Nei confronti del datore di lavoro, le buste paga costituiscono piena prova dei dati in esse contenuti. Il giudice è vincolato e deve necessariamente tenerne conto solo se le dichiarazioni ivi riportate dall’azienda, e sfavorevoli all’azienda stessa (come l’ammissione di un debito verso un dipendente), hanno carattere di univocità e incontrovertibilità. In mancanza di queste connotazioni, la busta paga rientra negli elementi sottoposti al libero giudizio del giudice: è il caso in cui contenga l’indicazione di altri fatti, che fanno dedurre l’estinzione degli effetti del credito del lavoratore.

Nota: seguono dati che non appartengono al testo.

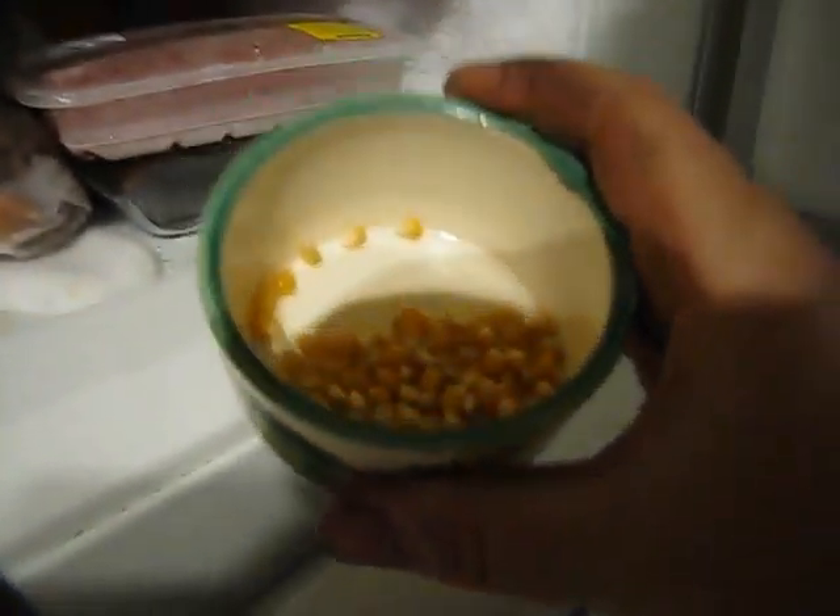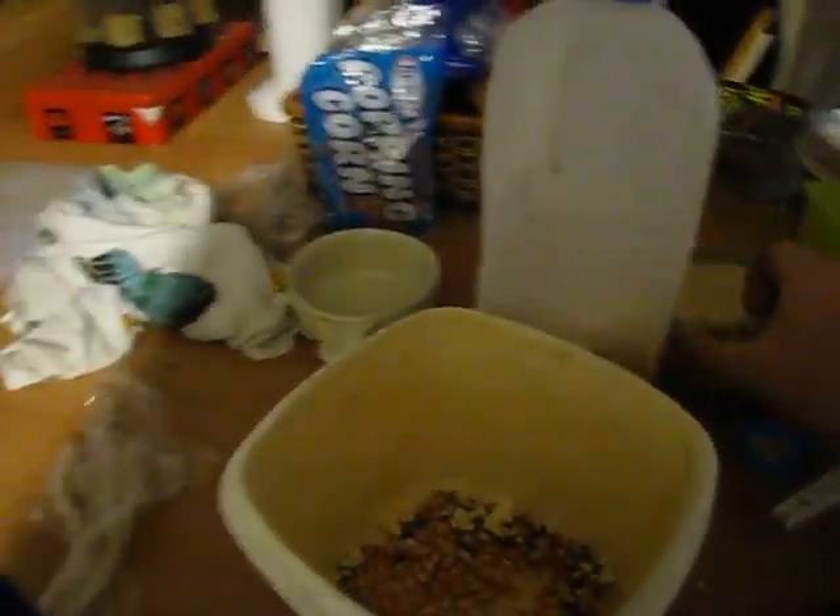So we basically get our kernels from the freezer, we'll whack them in with the old ones that haven't popped, put the camera down there for a while, get some glad wrap.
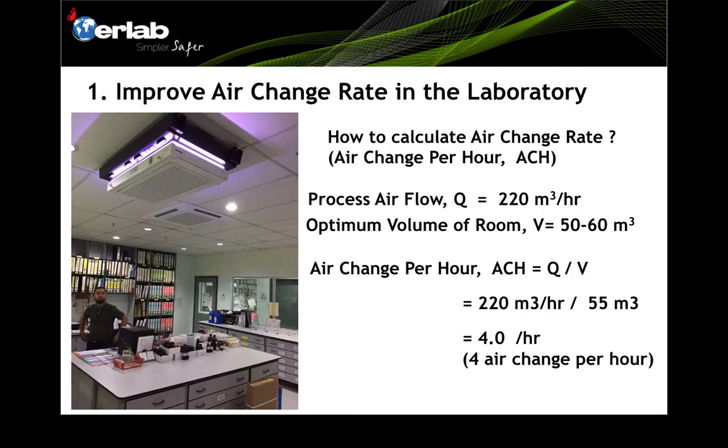So how do we calculate the air change rate? You calculate it using Q divided by V, where Q is the process airflow, which you can get from the Harlow specifications — the fan can process up to 220 cubic meters per hour. V is the room volume. EARLAP states that one Harlow is optimized for a room area of 20 square meters, or a volume of 60 cubic meters. With a typical laboratory height of 2.5 to 3 meters and a 20 square meter floor area, you get a room volume of 50 to 60 cubic meters.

Quindi, nell’esempio precedente, il giudice dovrà valutare attentamente se i danni lamentati dall’azienda sono effettivi e quantificarli per come risulterà nel corso del processo, eventualmente andando a detrarre tali importi dai crediti avanzati dal dipendente.
[1] Cass. sent. n. 2239/17 del 30.01.2017.
FONTE: http://bit.ly/2jVykxl
L’ha ribloggato su Studio Seclì.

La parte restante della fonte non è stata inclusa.